Section 342(e): The value of any contribution made by any co-owner to the cost of improvements to, or the maintenance of, the property

[88]              This is a significant factor when determining whether to order an interim distribution. For the sale by auction, this factor is neutral as the form of sale will not deprive a party of their contribution to improvements and maintenance.

[89]              Having considered all of the s 342 factors, Ms Sweeney does not have a defence to the claim for sale of 28A Sefton by auction. This is what has been agreed for over 12 months and it should now be given effect.

Should Ms Sweeney be required to vacate 28A Sefton and sign documentation?

[90]              Mr Brown seeks additional orders requiring Ms Sweeney to vacate 28A Sefton and sign all documentation necessary to enable a sale by auction.

[91]              The Court may make such further orders as are necessary or desirable as a consequence of ordering the sale of a property.10 As with an order under s 339(1), in making additional orders, I must have regard to the factors set out in s 342.

[92]              I refer to my consideration of each of the s 342 factors above. Those considerations also apply to whether Ms Sweeney should vacate the premises but with the following as additional relevant considerations.

[93]              Presentation and marketing of the property is likely to influence the potential market price. If Ms Sweeney cooperates (as it is in her interests to do if she is to obtain the highest possible value for her share), there would be no need to force her to vacate 28A Sefton. Against that, Ms Sweeney wishes to remain at the property, so she has an interest in 28A Sefton not being attractive to potential purchasers. Mr Brown however, has reserved the right to bid, meaning Ms Sweeney risks Mr Brown bidding a higher price if Ms Sweeney does not allow the property to be marketed to its full potential.

[94]              I accept that if Ms Sweeney is required to vacate before the auction, this is likely to cause hardship to Ms Sweeney as she may be successful in her bid, meaning she would be moving out unnecessarily.
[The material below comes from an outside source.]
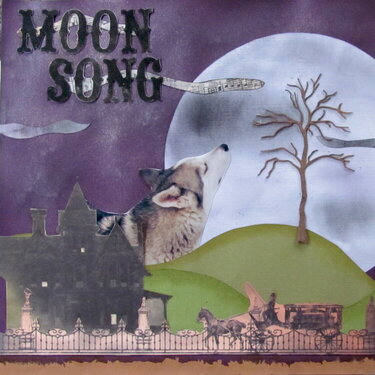 Moon Song **Scraps of Darkness**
There is also no reason a sale by auction cannot occur while Ms Sweeney remains at 28A Sefton.

[95]              Given the potential unnecessary hardship to Ms Sweeney, she should not be required to vacate 28A Sefton so it can be marketed and sold. That would likely lead to further unnecessary delays and would not be necessary if Ms Sweeney is successful.

[96]              Mr Brown also requests orders directing the Registrar of the High Court to sign documentation if Ms Sweeney refuses to sign. Mr Brown says that Ms Sweeney has refused to sign the listing agreement. Mr Brown relies on r 11.22 of the High Court Rules11 and Sharma v Wati12 in requesting such orders.

[97]              I accept that Ms Sweeney has not signed the documents because she was awaiting the final expert report to determine how much she could bid. While this


10     Property Law Act 2007, s 343(g).

11     High Court Rules 2016.

12     Sharma v Wati [2021] NZHC 1444.

explains the delay to date, now that Ms Sweeney has agreed to an interim distribution and knows the amount she has available to bid, there is no basis to continue to refuse to sign.

[98]              I accept that there has been some delay in the sale. Ms Sweeney has also changed her position from agreeing to sell by auction to now requesting that Mr Brown sell his share to her without a sale by auction. The preparation of the expert report has also taken some time and Ms Sweeney has provided further information to the expert after he provided his report on 31 March 2022. Given the delays, I do consider that it is appropriate that orders are made directing the Registrar to sign documentation if Ms Sweeney refuses to do so.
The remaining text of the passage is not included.